Billy Porter is in talks to play Cinderella’s Fairy Godmother, according to reports. Did someone say EGOT?
Billy Porter is reportedly in line to play Cinderella’s Fairy Godmother in an upcoming big-screen musical adaptation.
According to The Hollywood Reporter, the Pose and Kinky Boots star is currently in talks to sign on to the Sony Pictures musical adaptation of Cinderella.
The outlet reports that Porter would join a cast that former Fifth Harmony singer Camila Cabello, set to play the lead role of Cinderella.

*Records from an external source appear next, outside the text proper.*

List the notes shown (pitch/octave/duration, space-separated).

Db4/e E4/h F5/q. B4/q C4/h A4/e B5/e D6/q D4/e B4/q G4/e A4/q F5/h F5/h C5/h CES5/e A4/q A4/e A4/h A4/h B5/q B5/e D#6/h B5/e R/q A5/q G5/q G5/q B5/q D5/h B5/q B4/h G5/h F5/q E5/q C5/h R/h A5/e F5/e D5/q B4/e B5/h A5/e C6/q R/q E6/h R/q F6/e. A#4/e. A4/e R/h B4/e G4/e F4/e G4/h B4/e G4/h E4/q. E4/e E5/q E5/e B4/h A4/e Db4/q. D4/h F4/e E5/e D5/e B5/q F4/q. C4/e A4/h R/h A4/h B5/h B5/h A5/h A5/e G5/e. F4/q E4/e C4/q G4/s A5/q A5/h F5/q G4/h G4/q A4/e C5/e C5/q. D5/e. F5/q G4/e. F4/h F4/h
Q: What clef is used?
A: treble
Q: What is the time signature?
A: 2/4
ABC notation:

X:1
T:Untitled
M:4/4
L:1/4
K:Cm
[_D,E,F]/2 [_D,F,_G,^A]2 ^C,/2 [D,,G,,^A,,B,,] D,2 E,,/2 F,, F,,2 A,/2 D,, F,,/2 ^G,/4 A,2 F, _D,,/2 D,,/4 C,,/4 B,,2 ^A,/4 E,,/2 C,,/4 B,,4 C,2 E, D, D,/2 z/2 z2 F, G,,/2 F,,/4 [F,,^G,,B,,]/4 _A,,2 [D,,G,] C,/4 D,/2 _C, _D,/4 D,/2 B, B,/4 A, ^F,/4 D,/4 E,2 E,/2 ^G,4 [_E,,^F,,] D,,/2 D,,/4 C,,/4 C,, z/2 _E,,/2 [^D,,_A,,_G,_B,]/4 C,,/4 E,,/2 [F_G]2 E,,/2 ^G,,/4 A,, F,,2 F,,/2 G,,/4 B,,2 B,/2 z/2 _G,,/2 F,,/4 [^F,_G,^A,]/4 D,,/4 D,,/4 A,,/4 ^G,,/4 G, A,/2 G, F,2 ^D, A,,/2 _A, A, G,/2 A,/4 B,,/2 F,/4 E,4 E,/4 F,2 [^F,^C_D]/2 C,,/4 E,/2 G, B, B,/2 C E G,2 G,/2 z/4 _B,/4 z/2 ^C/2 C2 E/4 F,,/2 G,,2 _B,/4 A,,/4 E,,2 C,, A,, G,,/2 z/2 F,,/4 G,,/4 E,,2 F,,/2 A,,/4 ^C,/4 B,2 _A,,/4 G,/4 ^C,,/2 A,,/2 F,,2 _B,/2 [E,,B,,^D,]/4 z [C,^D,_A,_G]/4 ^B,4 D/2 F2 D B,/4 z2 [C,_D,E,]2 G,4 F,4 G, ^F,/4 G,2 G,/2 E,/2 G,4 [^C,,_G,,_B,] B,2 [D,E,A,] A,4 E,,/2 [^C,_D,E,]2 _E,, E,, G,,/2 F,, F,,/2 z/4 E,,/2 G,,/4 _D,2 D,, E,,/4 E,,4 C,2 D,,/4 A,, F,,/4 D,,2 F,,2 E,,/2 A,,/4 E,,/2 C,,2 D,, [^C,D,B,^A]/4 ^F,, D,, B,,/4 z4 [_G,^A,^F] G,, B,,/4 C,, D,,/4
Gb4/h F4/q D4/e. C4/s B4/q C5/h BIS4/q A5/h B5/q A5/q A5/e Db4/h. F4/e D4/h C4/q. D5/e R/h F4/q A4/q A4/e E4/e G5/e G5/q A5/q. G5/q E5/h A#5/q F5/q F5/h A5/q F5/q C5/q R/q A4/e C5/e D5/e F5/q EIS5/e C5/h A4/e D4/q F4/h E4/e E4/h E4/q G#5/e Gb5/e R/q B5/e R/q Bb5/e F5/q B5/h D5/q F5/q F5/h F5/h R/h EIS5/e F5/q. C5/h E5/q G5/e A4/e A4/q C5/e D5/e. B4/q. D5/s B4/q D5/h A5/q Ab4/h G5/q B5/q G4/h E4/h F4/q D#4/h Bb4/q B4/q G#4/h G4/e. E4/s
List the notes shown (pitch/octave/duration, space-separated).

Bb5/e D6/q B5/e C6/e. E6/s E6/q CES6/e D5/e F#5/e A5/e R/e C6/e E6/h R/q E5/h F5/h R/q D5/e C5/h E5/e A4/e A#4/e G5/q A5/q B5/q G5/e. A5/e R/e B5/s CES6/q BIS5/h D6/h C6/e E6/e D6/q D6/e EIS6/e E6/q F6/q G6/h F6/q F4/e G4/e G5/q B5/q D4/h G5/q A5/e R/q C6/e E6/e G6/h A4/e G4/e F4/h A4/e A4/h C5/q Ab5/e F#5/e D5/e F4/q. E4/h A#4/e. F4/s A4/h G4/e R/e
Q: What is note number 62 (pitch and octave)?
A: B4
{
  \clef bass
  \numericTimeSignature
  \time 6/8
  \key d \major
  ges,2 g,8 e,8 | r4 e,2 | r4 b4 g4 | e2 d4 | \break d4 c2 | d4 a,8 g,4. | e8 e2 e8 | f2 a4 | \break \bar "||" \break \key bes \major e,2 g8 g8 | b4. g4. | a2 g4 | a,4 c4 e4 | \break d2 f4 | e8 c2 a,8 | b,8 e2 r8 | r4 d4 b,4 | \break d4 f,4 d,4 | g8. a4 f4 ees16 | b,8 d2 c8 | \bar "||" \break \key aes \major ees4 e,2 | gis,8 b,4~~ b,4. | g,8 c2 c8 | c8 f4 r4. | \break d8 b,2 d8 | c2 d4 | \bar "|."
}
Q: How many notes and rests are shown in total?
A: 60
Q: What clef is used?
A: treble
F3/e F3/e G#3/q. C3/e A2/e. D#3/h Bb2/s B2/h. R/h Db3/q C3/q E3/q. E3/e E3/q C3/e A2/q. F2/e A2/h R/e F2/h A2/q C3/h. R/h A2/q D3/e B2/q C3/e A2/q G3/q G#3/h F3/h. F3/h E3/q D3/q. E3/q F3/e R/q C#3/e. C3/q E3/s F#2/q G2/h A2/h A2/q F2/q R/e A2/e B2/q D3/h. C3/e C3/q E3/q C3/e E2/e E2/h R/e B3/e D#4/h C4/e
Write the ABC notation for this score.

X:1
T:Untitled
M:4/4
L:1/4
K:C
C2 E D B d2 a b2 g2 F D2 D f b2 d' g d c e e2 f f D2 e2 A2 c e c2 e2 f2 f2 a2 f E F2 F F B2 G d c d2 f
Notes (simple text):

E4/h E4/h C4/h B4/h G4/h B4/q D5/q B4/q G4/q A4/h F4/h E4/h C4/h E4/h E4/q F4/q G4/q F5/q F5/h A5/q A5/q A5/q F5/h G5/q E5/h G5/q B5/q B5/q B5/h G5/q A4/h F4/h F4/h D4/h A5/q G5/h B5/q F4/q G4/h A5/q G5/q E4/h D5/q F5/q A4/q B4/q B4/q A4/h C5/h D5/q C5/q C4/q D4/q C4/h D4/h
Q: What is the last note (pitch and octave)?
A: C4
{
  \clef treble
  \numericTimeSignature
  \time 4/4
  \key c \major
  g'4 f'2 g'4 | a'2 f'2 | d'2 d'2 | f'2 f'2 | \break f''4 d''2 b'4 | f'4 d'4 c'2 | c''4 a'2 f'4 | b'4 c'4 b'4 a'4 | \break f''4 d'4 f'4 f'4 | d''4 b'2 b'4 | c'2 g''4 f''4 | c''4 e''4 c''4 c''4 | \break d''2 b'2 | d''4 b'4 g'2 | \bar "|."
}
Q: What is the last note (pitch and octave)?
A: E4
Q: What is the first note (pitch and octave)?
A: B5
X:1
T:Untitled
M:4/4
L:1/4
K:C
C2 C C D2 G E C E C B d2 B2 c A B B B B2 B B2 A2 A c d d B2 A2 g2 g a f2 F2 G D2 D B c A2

The project, which is being produced by James Corden, is described as a modern re-imagining of the classic fairy tale.
The Pose star is on his way to an EGOT.
Porter’s pivot to cinema comes after he picked up an Emmy for his acclaimed portrayal of Pray Tell in trans ballroom drama Pose.
The actor previously won a Tony Award in 2013 for his role as drag queen Lola in Kinky Boots, also receiving Grammy Award for the show’s soundtrack – putting him just one Oscar away from becoming the first out queer person of colour to achieve EGOT status.
And if ‘Fairy Godmother Billy Porter’ doesn’t have an Academy Award for Best Supporting Actor written all over it, we don’t know what does.
Speaking at the Emmy Awards in September, he told the crowd: “The category is love, y’all, love!”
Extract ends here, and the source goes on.